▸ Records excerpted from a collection
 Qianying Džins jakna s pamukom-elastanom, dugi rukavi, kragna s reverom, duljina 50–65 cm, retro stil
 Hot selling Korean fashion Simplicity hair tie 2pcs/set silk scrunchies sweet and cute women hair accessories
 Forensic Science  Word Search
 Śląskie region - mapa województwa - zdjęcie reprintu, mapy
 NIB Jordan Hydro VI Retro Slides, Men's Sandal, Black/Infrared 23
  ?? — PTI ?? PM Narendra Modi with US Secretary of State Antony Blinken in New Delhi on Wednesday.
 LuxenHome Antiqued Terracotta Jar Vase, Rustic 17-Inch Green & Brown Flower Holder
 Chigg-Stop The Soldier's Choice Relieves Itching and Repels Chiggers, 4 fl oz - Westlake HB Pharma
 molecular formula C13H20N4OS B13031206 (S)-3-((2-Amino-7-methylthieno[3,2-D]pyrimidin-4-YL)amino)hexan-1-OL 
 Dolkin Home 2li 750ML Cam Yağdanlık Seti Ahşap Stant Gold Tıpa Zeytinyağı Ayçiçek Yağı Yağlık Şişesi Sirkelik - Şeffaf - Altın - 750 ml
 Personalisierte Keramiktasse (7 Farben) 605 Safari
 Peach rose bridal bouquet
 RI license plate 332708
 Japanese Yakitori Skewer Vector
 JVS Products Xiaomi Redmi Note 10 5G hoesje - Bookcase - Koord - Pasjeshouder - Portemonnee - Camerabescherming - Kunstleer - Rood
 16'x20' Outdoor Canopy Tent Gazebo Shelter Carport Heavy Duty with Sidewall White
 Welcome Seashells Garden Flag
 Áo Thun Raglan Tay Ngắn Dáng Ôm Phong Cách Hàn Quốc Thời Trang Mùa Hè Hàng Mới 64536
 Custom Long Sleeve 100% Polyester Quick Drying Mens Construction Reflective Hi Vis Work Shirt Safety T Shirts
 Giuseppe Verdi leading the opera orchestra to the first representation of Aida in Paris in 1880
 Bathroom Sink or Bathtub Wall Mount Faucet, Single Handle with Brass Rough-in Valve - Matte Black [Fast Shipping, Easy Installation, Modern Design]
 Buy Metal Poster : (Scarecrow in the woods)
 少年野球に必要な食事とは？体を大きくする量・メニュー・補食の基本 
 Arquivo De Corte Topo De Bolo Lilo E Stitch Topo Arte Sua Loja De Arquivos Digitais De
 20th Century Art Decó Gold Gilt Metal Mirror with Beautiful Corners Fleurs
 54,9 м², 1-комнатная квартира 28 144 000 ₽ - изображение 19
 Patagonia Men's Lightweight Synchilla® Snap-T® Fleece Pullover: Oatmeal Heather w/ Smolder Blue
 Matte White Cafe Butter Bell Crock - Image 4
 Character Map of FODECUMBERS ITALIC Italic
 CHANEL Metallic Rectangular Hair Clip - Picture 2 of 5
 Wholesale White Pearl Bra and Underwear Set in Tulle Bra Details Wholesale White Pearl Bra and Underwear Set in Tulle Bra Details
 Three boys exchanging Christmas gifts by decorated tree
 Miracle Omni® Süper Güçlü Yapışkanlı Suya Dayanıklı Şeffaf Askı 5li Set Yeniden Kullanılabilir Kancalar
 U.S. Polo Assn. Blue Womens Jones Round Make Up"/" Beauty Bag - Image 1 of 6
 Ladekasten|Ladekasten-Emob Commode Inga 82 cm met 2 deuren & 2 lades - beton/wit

▸ YOUR GOAL
Give the number of lines in the entries above that include the word "Matte", and nothing more.

▸ EXERCISE RESPONSE
2